Valproate therapy for prevention of posttraumatic seizures: a randomized trial.

OBJECT: Seizures frequently accompany moderate to severe traumatic brain injury. Phenytoin and carbamazepine are effective in preventing early, but not late, posttraumatic seizures. In this study the authors compare the safety and effectiveness of valproate with those of short-term phenytoin for prevention of seizures following traumatic brain injury. METHODS: The study was a randomized, double-blind, single-center, parallel-group clinical trial. Treatment began within 24 hours of injury. One hundred thirty-two patients at high risk for seizures were assigned to receive a 1-week course of phenytoin, 120 were assigned to receive a 1-month course of valproate, and 127 were assigned to receive a 6-month course of valproate. The cases were followed for up to 2 years. The rates of early seizures were low and similar when using either valproate or phenytoin (1.5% in the phenytoin treatment group and 4.5% in the valproate arms of the study; p = 0.14, relative risk [RR] = 2.9, 95% confidence interval [CI] 0.7-13.3). The rates of late seizures did not differ among treatment groups (15% in patients receiving the 1-week course of phenytoin, 16% in patients receiving the 1-month course of valproate, and 24% in those receiving the 6-month course of valproate; p = 0.19, RR = 1.4, 95% CI 0.8-2.4). The rates of mortality were not significantly different between treatment groups, but there was a trend toward a higher mortality rate in patients treated with valproate (7.2% in patients receiving phenytoin and 13.4% in those receiving valproate; p = 0.07, RR = 2.0, 95% CI 0.9-4.1). The incidence of serious adverse events, including coagulation problems and liver abnormalities, was similar in phenytoin- and valproate-treated patients.
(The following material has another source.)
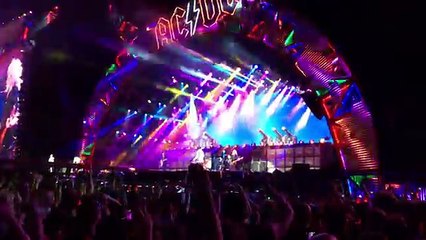 AC DC - For Those About to Rock (We Salute You) Prague 2016 4K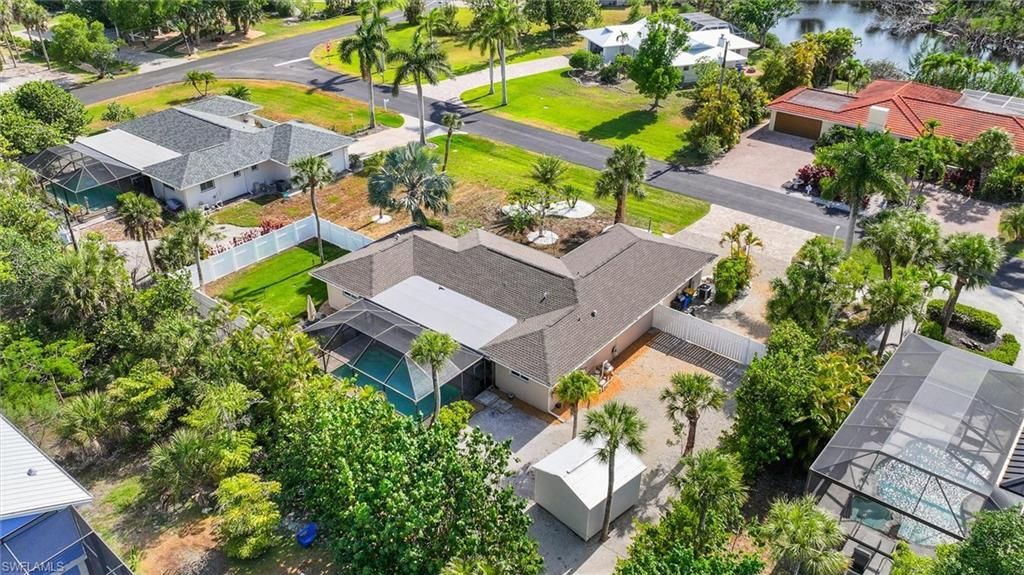 9428 Moonlight Dr, Sanibel, FL 33957 Photo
CONCLUSIONS: Valproate therapy shows no benefit over short-term phenytoin therapy for prevention of early seizures and neither treatment prevents late seizures. There was a trend toward a higher mortality rate among valproate-treated patients. The lack of additional benefit and the potentially higher mortality rate suggest that valproate should not be routinely used for the prevention of posttraumatic seizures.